Only the lines below from the one containing "Bathroom 4, Haemaru pension, Geoje" through the one containing "1C4RJFCG2JC230557# 13" belong in the answer, set down exactly, with the pictures left out.

[Extracted information]

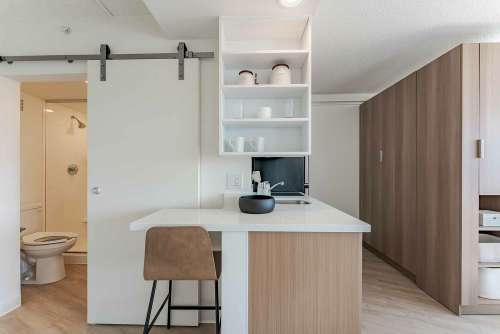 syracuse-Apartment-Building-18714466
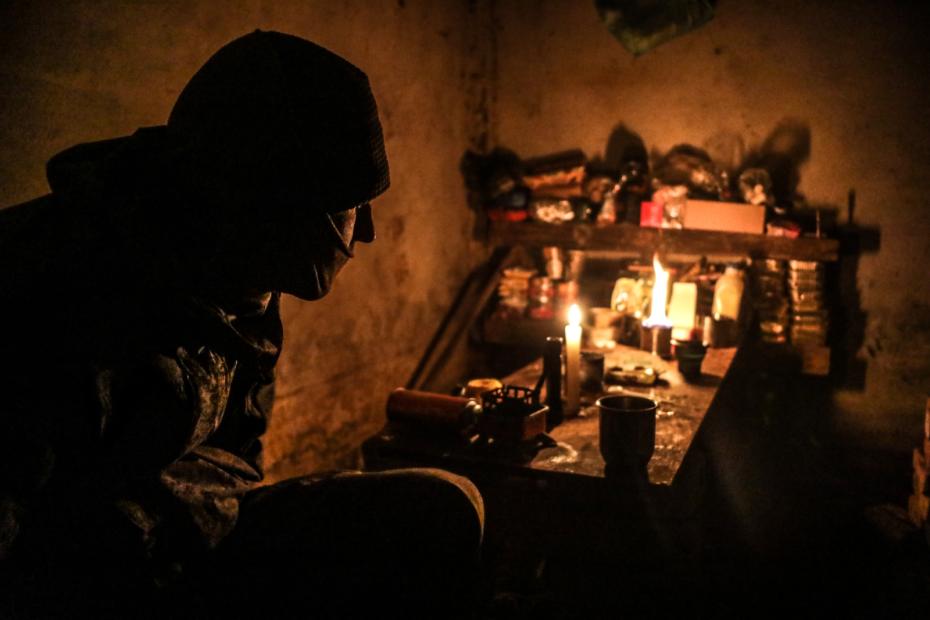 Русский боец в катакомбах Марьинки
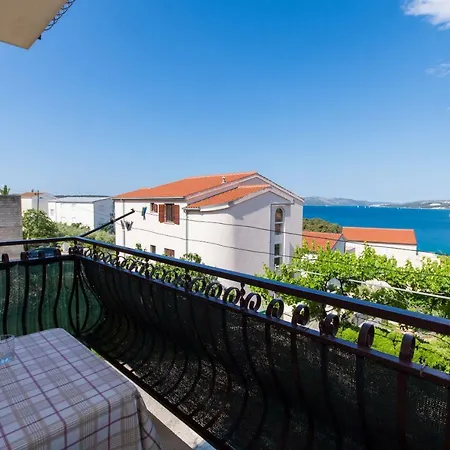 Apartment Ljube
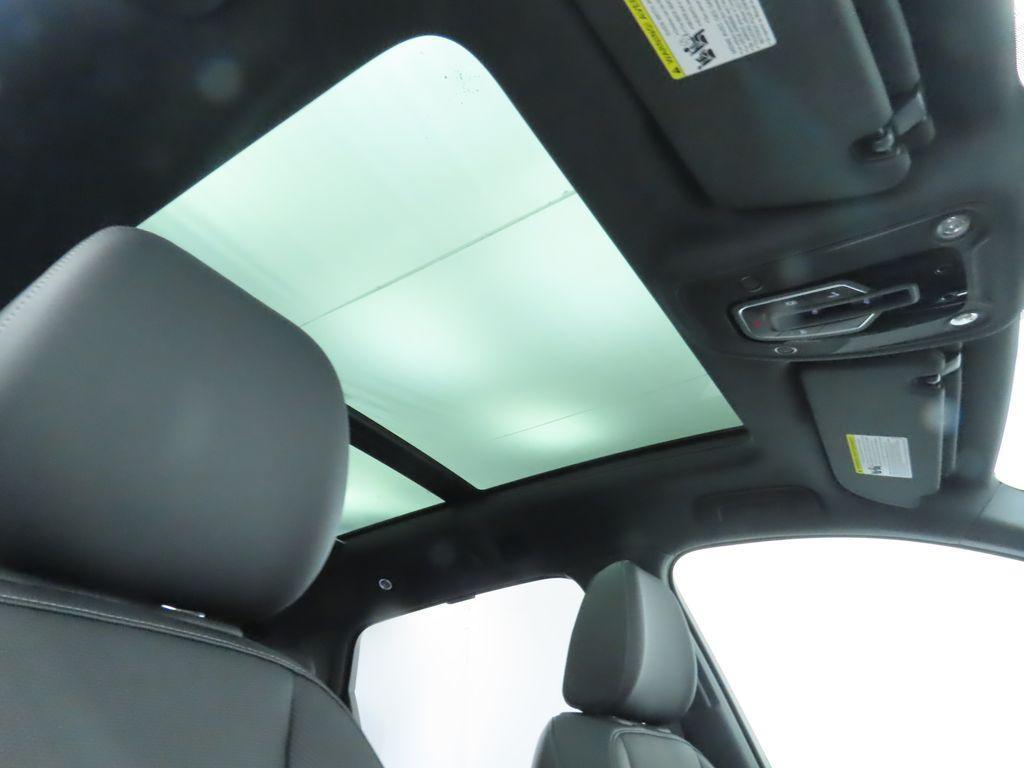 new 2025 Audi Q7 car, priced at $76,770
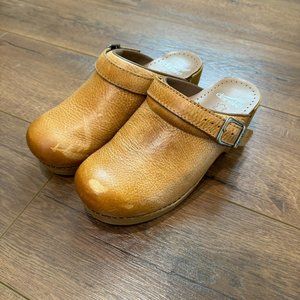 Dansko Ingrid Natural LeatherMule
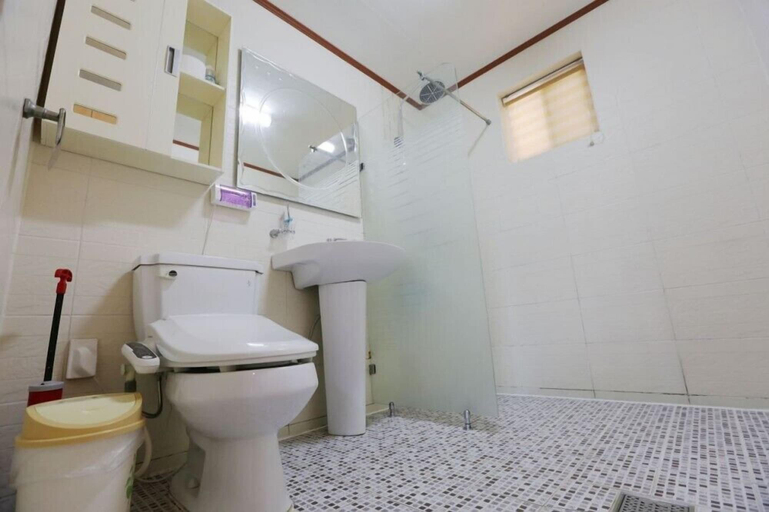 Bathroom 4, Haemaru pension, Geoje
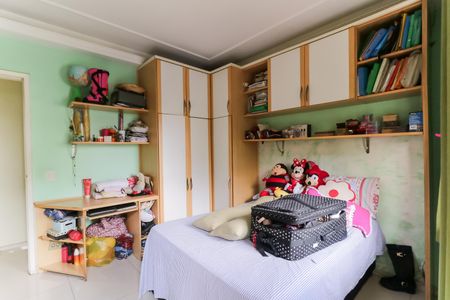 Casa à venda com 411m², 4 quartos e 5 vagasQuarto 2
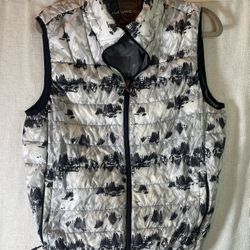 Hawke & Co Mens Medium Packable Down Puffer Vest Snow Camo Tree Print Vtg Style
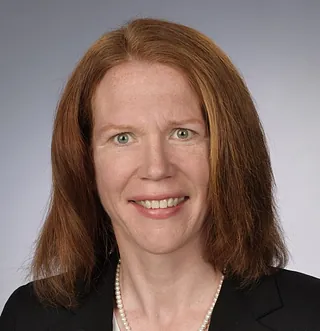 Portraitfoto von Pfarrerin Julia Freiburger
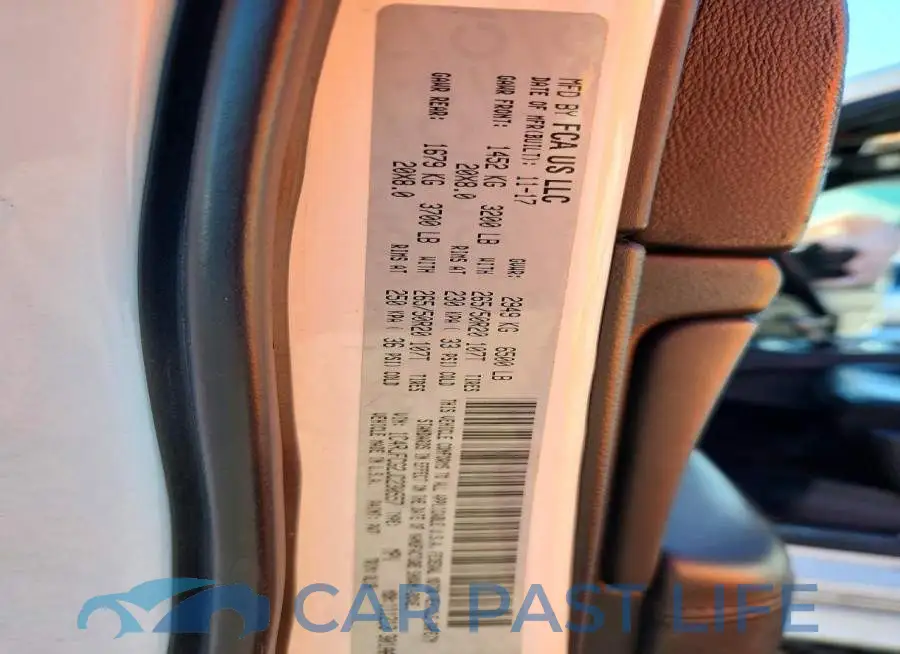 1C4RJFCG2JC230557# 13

[/Extracted information]
[Extracted information]

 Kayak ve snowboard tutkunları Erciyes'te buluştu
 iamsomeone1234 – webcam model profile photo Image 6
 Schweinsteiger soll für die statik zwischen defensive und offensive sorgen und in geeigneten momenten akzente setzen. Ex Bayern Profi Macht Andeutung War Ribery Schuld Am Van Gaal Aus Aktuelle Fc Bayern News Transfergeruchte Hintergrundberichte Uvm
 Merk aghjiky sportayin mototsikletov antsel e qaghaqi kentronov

[/Extracted information]

Final answer:
 Bathroom 4, Haemaru pension, Geoje
 Casa à venda com 411m², 4 quartos e 5 vagasQuarto 2
 Hawke & Co Mens Medium Packable Down Puffer Vest Snow Camo Tree Print Vtg Style
 Portraitfoto von Pfarrerin Julia Freiburger
 1C4RJFCG2JC230557# 13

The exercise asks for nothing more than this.